DATA FOR ANALYSIS.
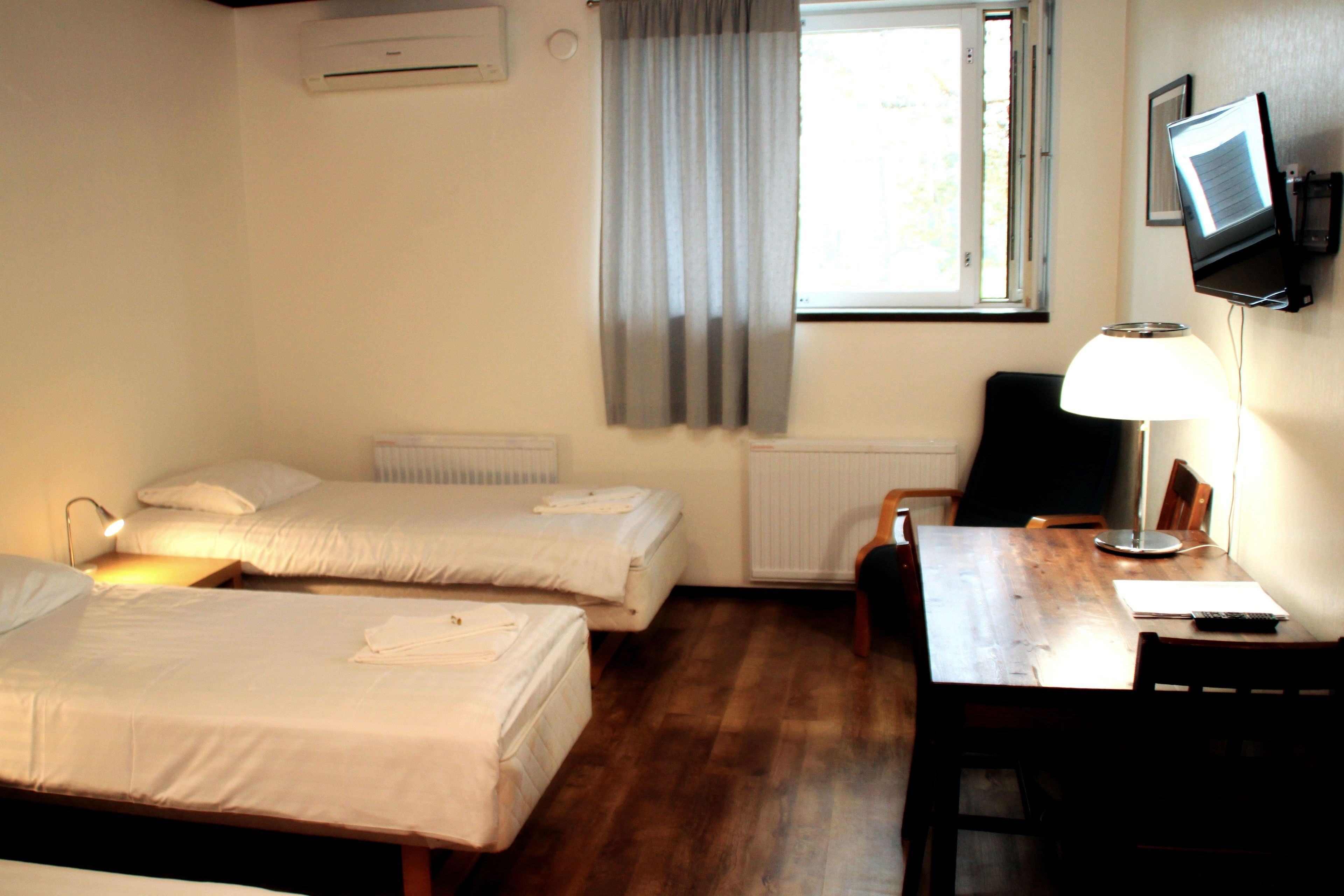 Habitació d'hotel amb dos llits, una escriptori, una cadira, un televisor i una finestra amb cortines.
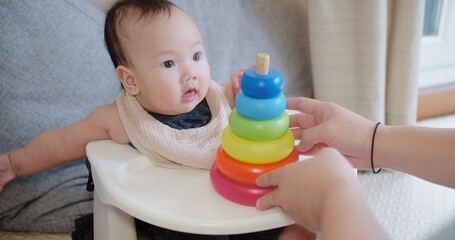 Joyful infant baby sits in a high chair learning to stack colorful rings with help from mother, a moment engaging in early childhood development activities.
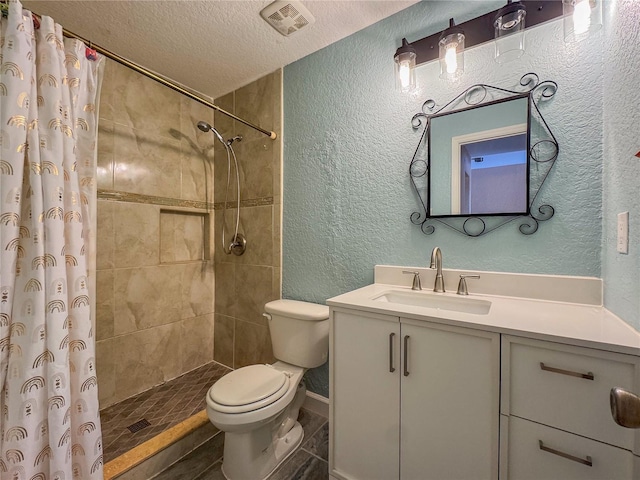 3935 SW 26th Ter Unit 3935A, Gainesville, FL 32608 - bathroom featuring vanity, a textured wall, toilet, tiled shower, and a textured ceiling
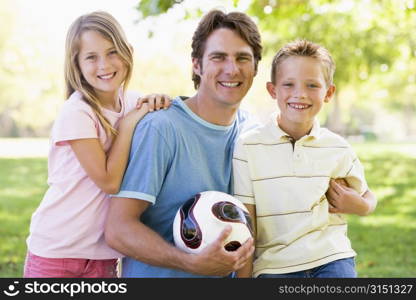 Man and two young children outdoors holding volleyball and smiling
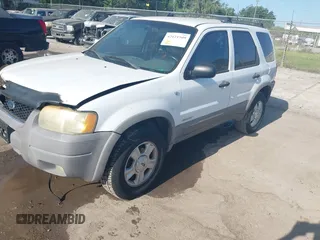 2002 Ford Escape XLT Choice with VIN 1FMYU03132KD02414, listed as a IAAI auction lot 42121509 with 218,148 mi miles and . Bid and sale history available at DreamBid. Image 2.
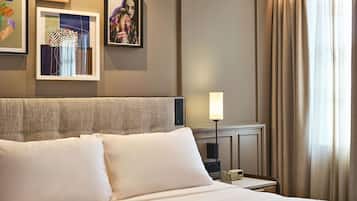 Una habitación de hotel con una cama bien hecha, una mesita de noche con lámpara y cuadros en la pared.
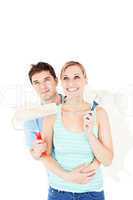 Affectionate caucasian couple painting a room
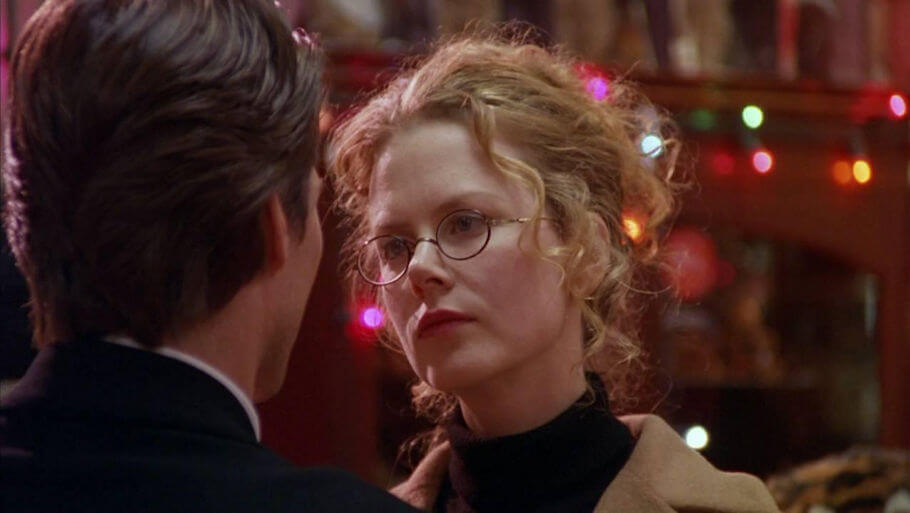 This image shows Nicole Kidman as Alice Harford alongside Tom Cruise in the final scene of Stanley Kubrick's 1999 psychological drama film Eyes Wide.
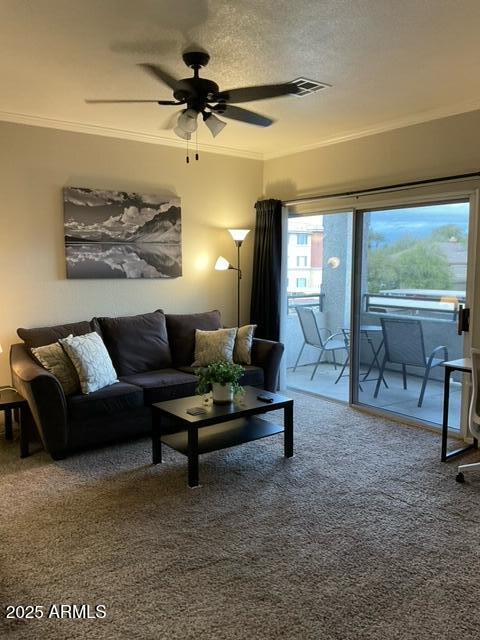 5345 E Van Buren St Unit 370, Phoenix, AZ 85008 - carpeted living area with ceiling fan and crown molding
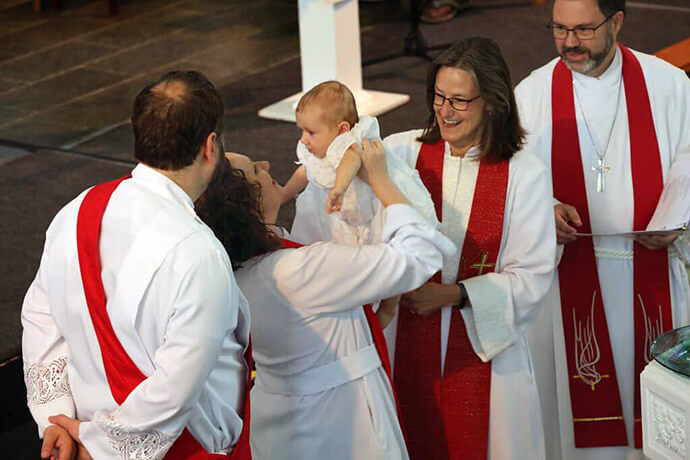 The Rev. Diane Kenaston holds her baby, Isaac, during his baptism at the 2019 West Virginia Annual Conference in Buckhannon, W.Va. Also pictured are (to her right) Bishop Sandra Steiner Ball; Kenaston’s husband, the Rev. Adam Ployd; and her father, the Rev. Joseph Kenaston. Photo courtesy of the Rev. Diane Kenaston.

WHAT TO PRODUCE. Once the line containing "Affectionate caucasian couple" has been located, transcribe exactly and only every line from the first line of the entries through it, excluding pictures.

THE ANSWER.
 Habitació d'hotel amb dos llits, una escriptori, una cadira, un televisor i una finestra amb cortines.
 Joyful infant baby sits in a high chair learning to stack colorful rings with help from mother, a moment engaging in early childhood development activities.
 3935 SW 26th Ter Unit 3935A, Gainesville, FL 32608 - bathroom featuring vanity, a textured wall, toilet, tiled shower, and a textured ceiling
 Man and two young children outdoors holding volleyball and smiling
 2002 Ford Escape XLT Choice with VIN 1FMYU03132KD02414, listed as a IAAI auction lot 42121509 with 218,148 mi miles and . Bid and sale history available at DreamBid. Image 2.
 Una habitación de hotel con una cama bien hecha, una mesita de noche con lámpara y cuadros en la pared.
 Affectionate caucasian couple painting a room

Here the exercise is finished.